Now for the question, what do you call the next thing?

I do know that the next thing has some properties if you follow the same pattern. But I have no idea what it is and I was hoping you guys could help me out.

Here are some of the properties that I have extrapolated:

The next thing

A zero-, one- and two-dimensional object cannot do it. A three dimensional object can do it in one way (along xyz). A four dimensional object can do it in four ways (along xyz, xyw, xzw and yzw. And if you want to extrapolate further... an n-dimensional object can do it in n(n-1)(n-2)/6 different ways.

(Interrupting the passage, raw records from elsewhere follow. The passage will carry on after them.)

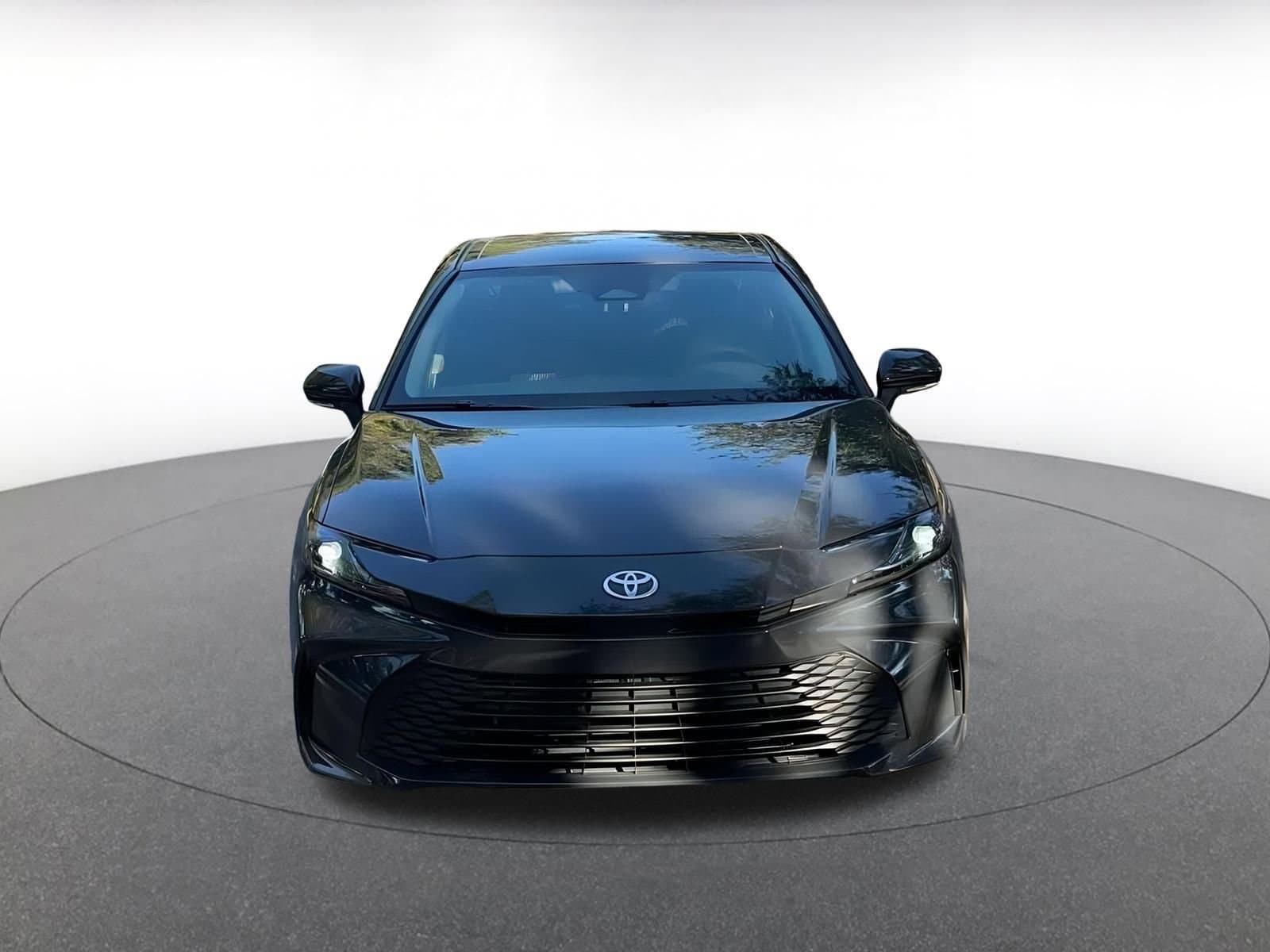 Thumbnail: 2025 Toyota Camry - 4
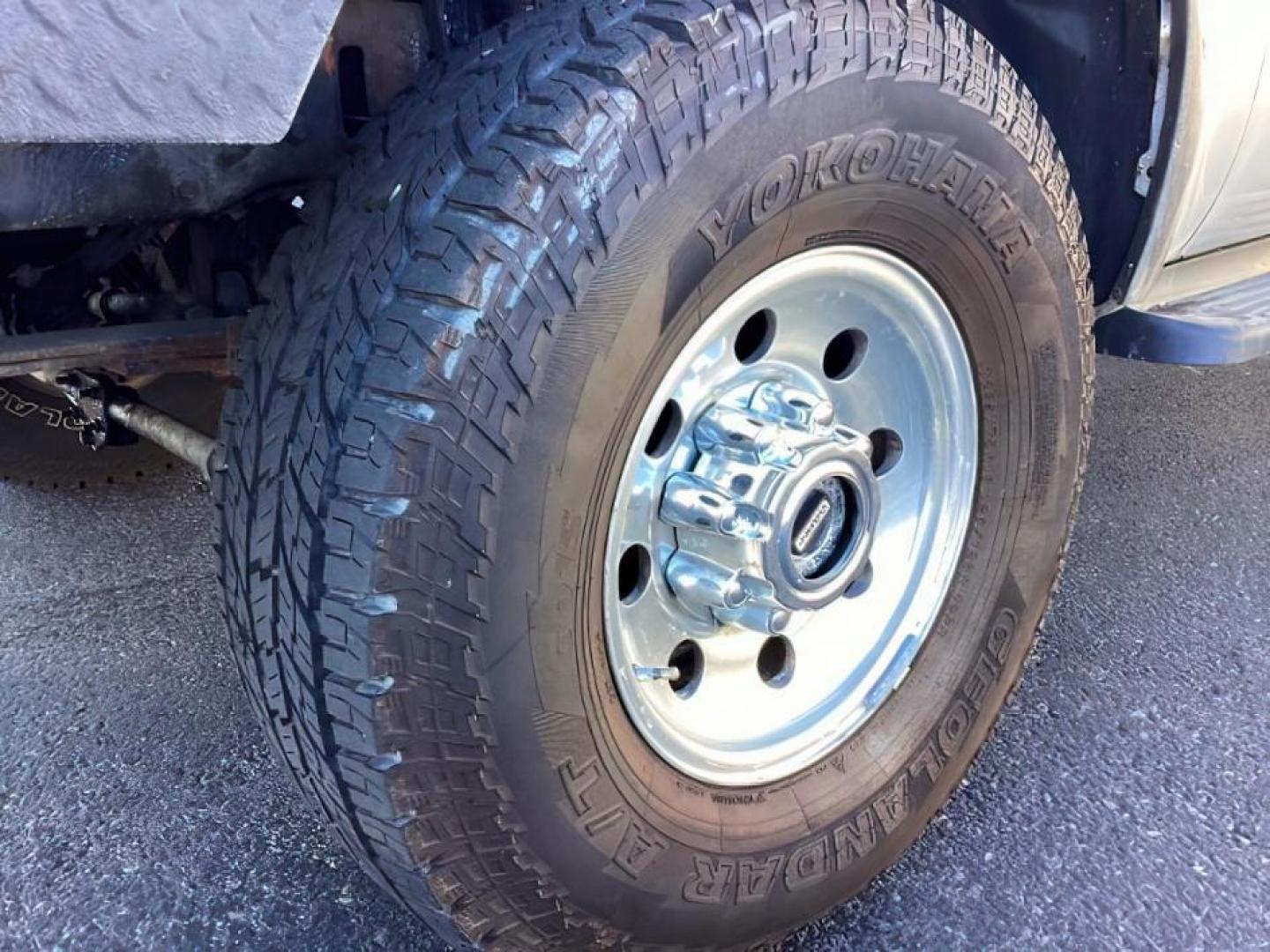 2002 SILVER /Medium Flint Cloth Trim Ford F-250 SD (1FTNW21F02E) with an 73L V8 OHV 16V TURBO DIESEL engine, Automatic transmission, located at 1175 N Woodruff Ave, Idaho Falls, ID, 83401, 43.506901, -111.999657 - At Timberline Auto, finding a great deal on your next vehicle is always easy! Our experienced sales staff's goal is to help find you the right vehicle at the right price! Our knowledgeable finance department has options for almost any credit score. We offer extended service contract options to prote - Photo#9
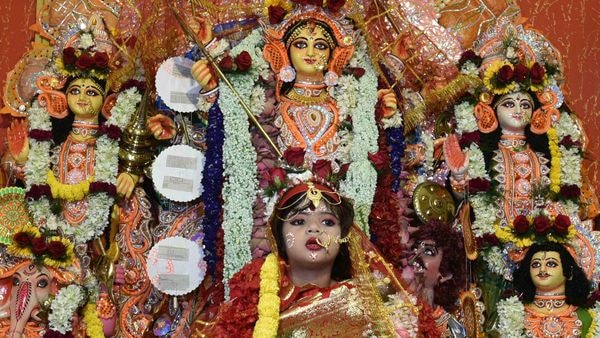 কুমারী পুজোয় ফতিমা (ছবি সৌজন্য হিন্দুস্তান টাইমস) কুমারী পুজোয় ফতিমা (ছবি সৌজন্য হিন্দুস্তান টাইমস)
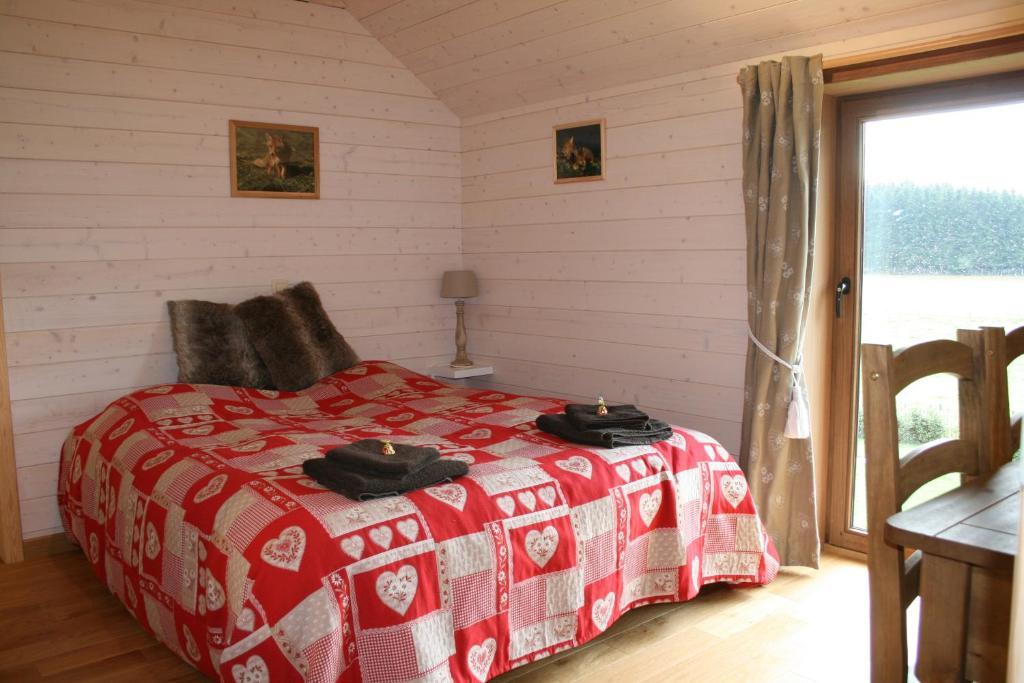 Chambres D'Hotes Les Trappeurs Silence & Nature Tenneville Bilik gambar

So yeah, what do you call this thing?

• Are you referring to something like hyperspherical propagation ? e.g., a hypersphere that is getting big and biger along the time axes ! ? :) – Cardinal Aug 1 '15 at 12:43
• The generator of translations in $1$ dimension is $\epsilon_{i2}\partial/\partial x_i$. The generator of rotations in $2$ dimensions is $\epsilon_{ij3}x_i\partial/\partial x_j$. The next thing might have the generator $\epsilon_{ijk4}x_ix_j\partial/\partial x_k$ in three dimensions, but unfortunately that vanishes by antisymmetry. (Here $\epsilon$ is the Levi-Civita symbol.) – joriki Aug 1 '15 at 12:45
• @joriki I do not know. I read the wikipedia article of that, but unfortunately, I do not understand it. – Paul Aug 1 '15 at 12:57
• @Cardinal I don't think i'm referring to hyperspherical propagation, since that does have an application in one dimension. (as far as I know anyway). EDIT: Also, I think I am referring to only objects with spacial dimensions. I.e. where time isn't a dimension. – Paul Aug 1 '15 at 13:04
• One way of interpreting your question is as follows. The Lie group $\mathbb R^n$ acts on $\mathbb R^n$ effectively and transitively (by translation); each has dimension $n$. The Lie group $O(n+1)$ acts on $S^n$ effectively and transitively by rotation; $O(n+1)$ has dimension $n(n+1)/2$. Is there an $n(n-1)(n-2)/6$-dimensional Lie group that acts effectively and transitively on some $n$-manifold? But it is a theorem of Montgomery and Zippin that a compact group $G$ acting transitively and effectively on a connected $n$-manifold can have dimension at most $n(n+1)/2$. – user98602 Aug 1 '15 at 18:27

The Lie group $\mathbb R^n$ acts effectively and transitively on the smooth manifold $\mathbb R^n$; each of these is $n$-dimensional. The special orthogonal group $SO(n+1)$ acts effectively and transitively on $S^n$; the former has dimension $n(n+1)/2$, and $S^n$ has dimension $n$.
Can we improve this? Are there, for instance, $n(n-1)(n-2)/6$-dimensional groups that act on $n$-dimensional manifolds?
If the group $G$ is compact, the answer is a firm no. It is a result of Montgomery and Zippin that a compact topological group acting effectively and transitively on a manifold of dimension $n$ must have dimension at most $n(n+1)/2$. If you want $G$ to be a Lie group acting smoothly, this is easier: first prove it if $G$ acts by isometries on a Riemannian manifold by induction; then if you have a transitive effective action on $M$, average the metric over $G$ to get a $G$-invariant metric on $M$, hence an action by isometries. That $G$ is compact is important here!
I don't know what bounds one has in the case that $G$ is non-compact - I'd like to hear from somebody if they do.